**Problem description:** Extract the opening line of the entries and every line after it, stopping at and including the line that contains "It kind of comes". Do not include pictures.

**Dataset entries:**

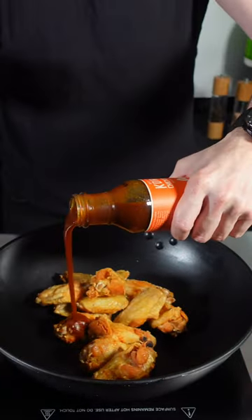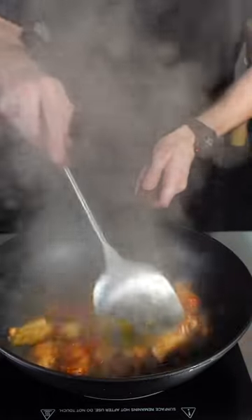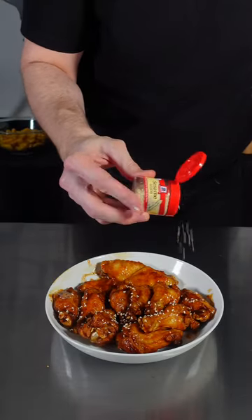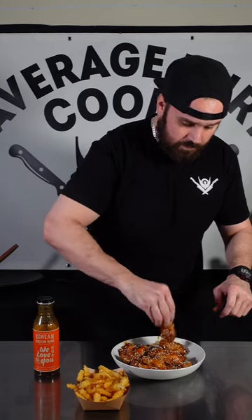Going to throw my wings in the wok and toss them in the sauce for a couple minutes. Then just adding some sesame seeds to raise the fanciness factor. Time for the smell test — they smell good.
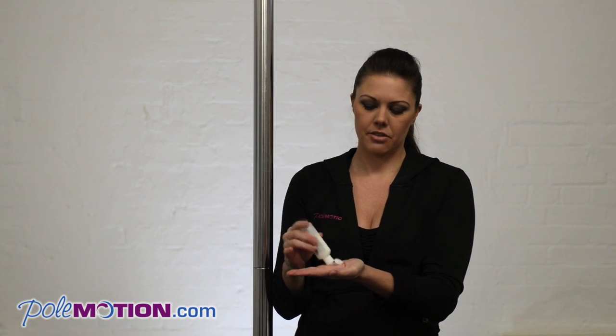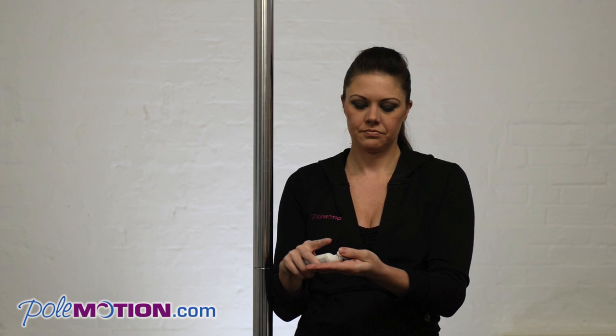It kind of comes out like a bit of a powder. Give it a little rub so it's all over your hands and so you're warming it up as well, because this is activated by the heat of your body. So I'm going to give it a few seconds just to warm up in my hands.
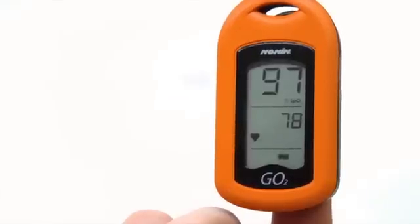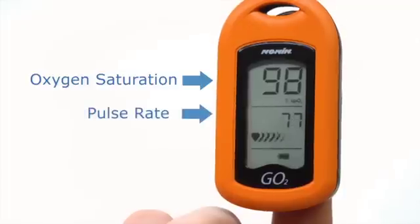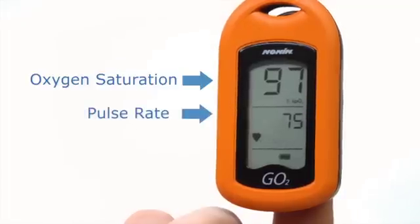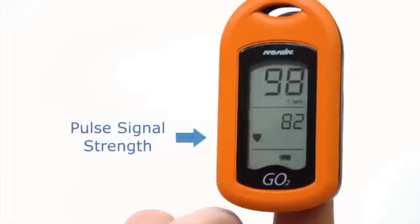Your oxygen saturation, known as SpO2 percentage, is displayed on the top with your pulse rate below. The Pulse Signal Quality Indicator will display a line of hearts — the more hearts, the stronger the pulse signal strength.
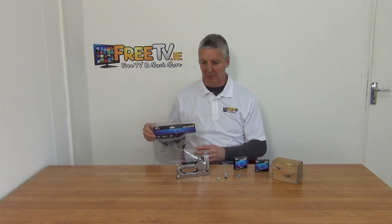I have in front of me a heavy duty staple and nail gun. The brand is Pro User and it's available with low-cost small parcel delivery from freetv.ie.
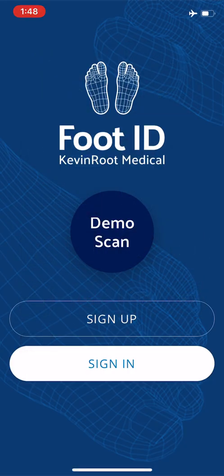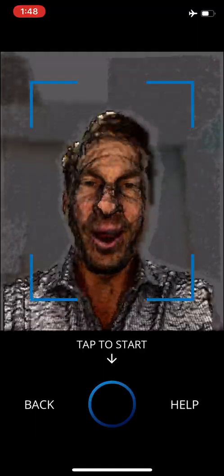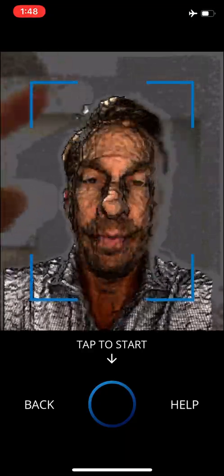Right away here, there's a demo scan. You're going to have to click OK. FootID only works with the front-facing camera on the iPhone 10 or later models. It doesn't work with the camera on the back of the phone.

**Response:**
Going to throw my wings in the wok and toss them in the sauce for a couple minutes. Then just adding some sesame seeds to raise the fanciness factor. Time for the smell test — they smell good.
It kind of comes out like a bit of a powder. Give it a little rub so it's all over your hands and so you're warming it up as well, because this is activated by the heat of your body. So I'm going to give it a few seconds just to warm up in my hands.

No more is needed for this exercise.